Power Restore Policy

Thu Aug 31 11:49:44 AEST 2017

On Sun, Aug 27, 2017 at 6:49 PM, Andrew Jeffery <andrew at aj.id.au> wrote:
> Hi Andrew,
>
> On Fri, 2017-08-25 at 14:32 -0500, Andrew Geissler wrote:
>> The BMC has the concept of a Power Restore Policy.  It’s defined
>> within https://github.com/openbmc/phosphor-dbus-interfaces/blob/master/xyz/openbmc_project/Control/Power/RestorePolicy.interface.yaml
>>
>> The point of this policy is to define the host boot behavior by the
>> BMC if it is rebooted.  The policies are:
>> o AlwaysOn
>> o AlwaysOff
>> o Restore
>>
>> What complicates things a bit is the scenario where the BMC is
>> rebooted, but the host is booted.  Rule number one in bmc management
>> firmware is don’t mess with the host if it’s up and running.  So
>> basically, if the host is up and running, and the bmc is rebooted, the
>> bmc should do no actions other then to get it’s chassis and host state
>> objects to reflect that of the chassis and host (on and running).
>>
>> If the host is not running, then here’s what the policies mean:
>>
>> o AlwaysOn -> Power on
>> o AlwaysOff -> Leave system in off state
>> o Restore -> Read last requested host state and re-request it
>>
>> OBMC has an application, somewhat misnamed, discover_system_state
>> which enforces the AlwaysOn logic.
>
> Out of curiousity, why do you think it is misnamed?
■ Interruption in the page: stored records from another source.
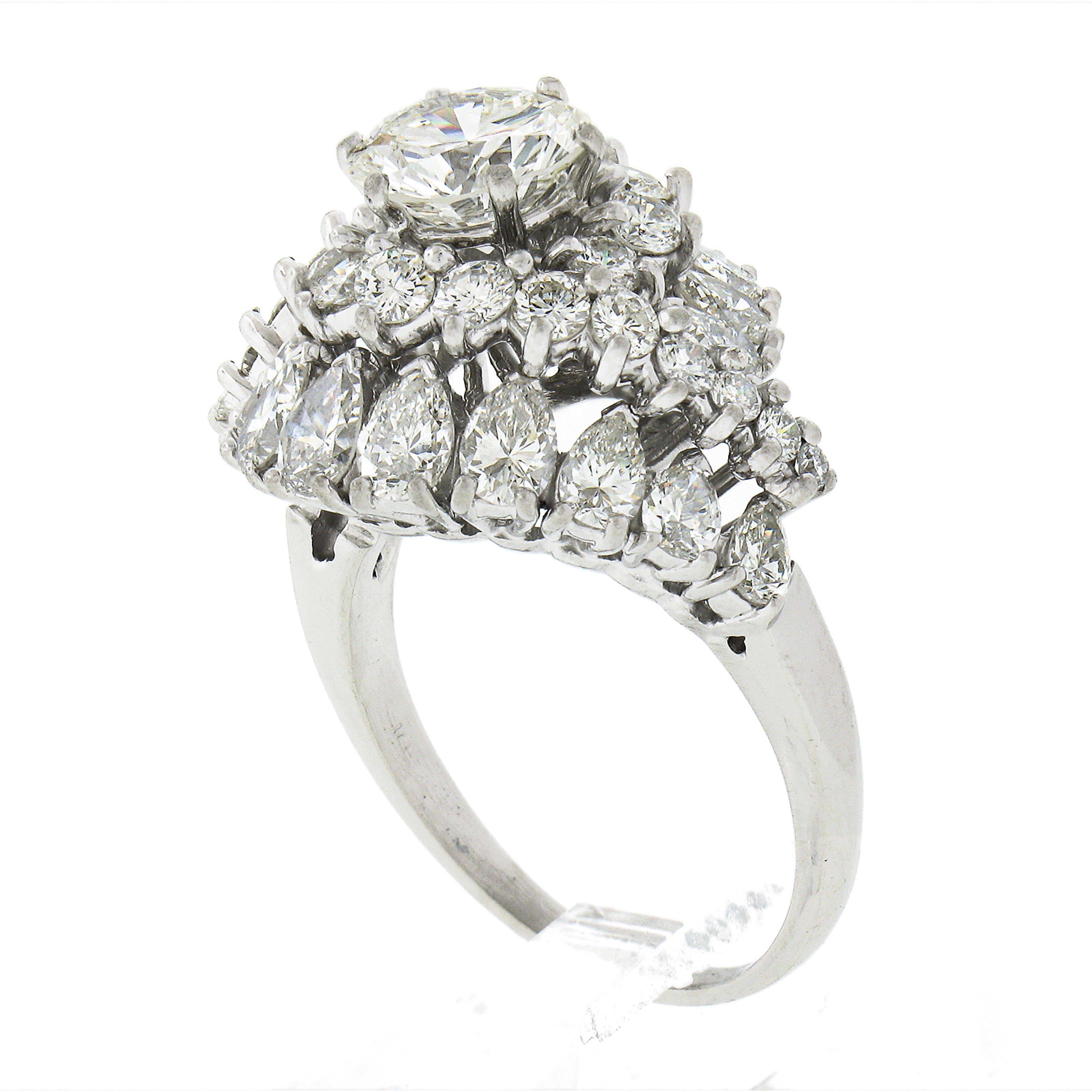 Vintage Platinum 4.58ctw GIA Round & Pear Cut Diamond Domed Swirl Cocktail Ring For Sale 4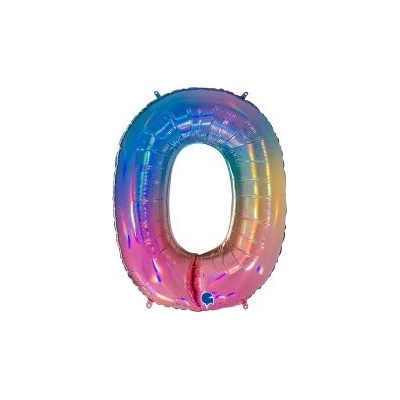 GRABO fóliový balónek ČÍSLICE DUHOVÁ 0 102cm,40 nafukovací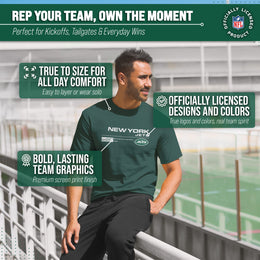 New York Jets Adult NFL Speed Stat Sheet T-Shirt - Forest Green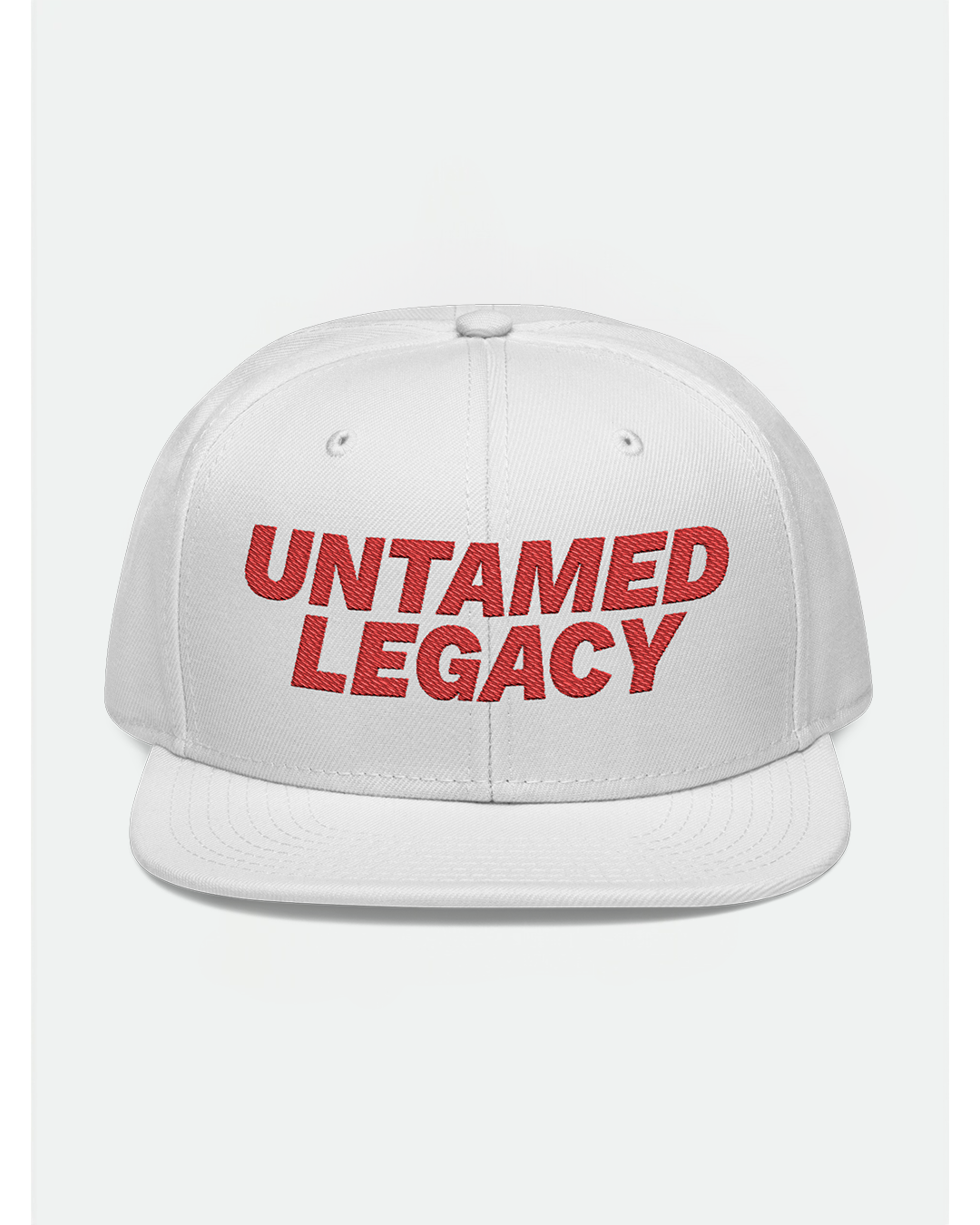 Untamed Legacy Classic Snapback – White Hat with Red Embroidered Logo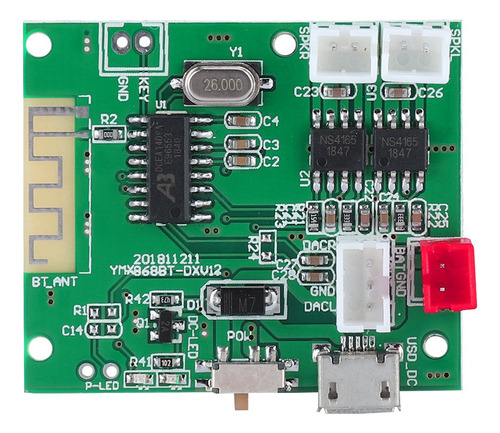 Placa Amplificadora Bluetooth 5.0 De 2 X 5 W, Entrada De Aud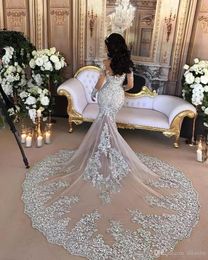 Dubai Arabic Luxury Wedding Dresses Sexy Bling Beaded Lace Applique High Neck Illusion Long Sleeve Mermaid Bridal Gowns With Long 2480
Is it the ambiguity of
> 'system' with respect to BMC vs host? Or something else? Is there a better
> name?
>

discover_system_state implies discovery of a state but what this
application is really doing is applying_system_restore_policy
I may rename some day but not with this set of changes.

>> The Restore logic was put into
>> phosphor-host-state-manager but I don’t believe this is the correct
>> place for it.
>
> Naive question as I'm not intimately familiar with the details: why not (on
> reflection, this is probably answered below)?
>
>> It does it when it reads it’s
>
> Mate.
>
> Can you rephrase that for clarity?

The host-state application currently reads the last requested state
from the BMC filesystem and then blindly tries to enforce that state.
The main goal I'm going for here is to take that enforcement out of
host-state and put it in discover_state so this "what do I do after a
bmc reboot" logic is all in one place.

>
>> persisted value for the
>> last requested state when it starts.  I’d like to move the Restore
>> logic in with the discover_system_state application.
>>
>> The reasons are the following:
>> o discover_system_state’s service can easily be configured to not run
>> when the host is already running
>
> Is this also part of your suggestion to rename the service? Because to me, from
> the name, it seems crucial to run it precisely because we want to know the
> system's (host's) state. But it seems we know the state before running the
> service? What does the actual discovery?
>

The application rename would be good, but not something I'm looking to
tackle here.  The discovery of the system state (i.e. is the host up)
is actually done within the chassis and host reset targets.  That
drives the discovery of pgood and host status and sets up the
host-state applications appropriately.

>> o phosphor-host-state-manager has to be started always and early, so
>> that it can monitor for any state change requests (like in the case
>> where the bmc is rebooted while the host is still up).
>
> This isn't a state change for the host though, if it remains up?
>
> I guess the idea is to start phosphor-host-state-manager seeded with the
> discovered state, and then let a service (started after
> phosphor-host-state-manager) poke phosphor-host-state-manager to enforce the
> policy?
>

Yep!  Except phosphor-host-state-manager initially just uses the value
written to the BMC filesystem (it does no real discovery).  The
discover_state service will then enforce the policy.

>> o Having all the policy in a single application is more testable and obvious
>
> Sounds ideal on the surface of things.
>
>>
>> https://github.com/openbmc/openbmc/issues/2210 is tracking this.
>>
>> Thoughts or questions?
>
> Yeah - well a comment more than anything: From reading your email and then
> reading #2210, it was not at all clear in the email that the *host reboot* case
> is what you're trying to resolve. It seemed like you were just trying to clean
> up a case of misplaced code ("[have] all policy in a single application").
>
> Andrew
>
>>
>> Andrew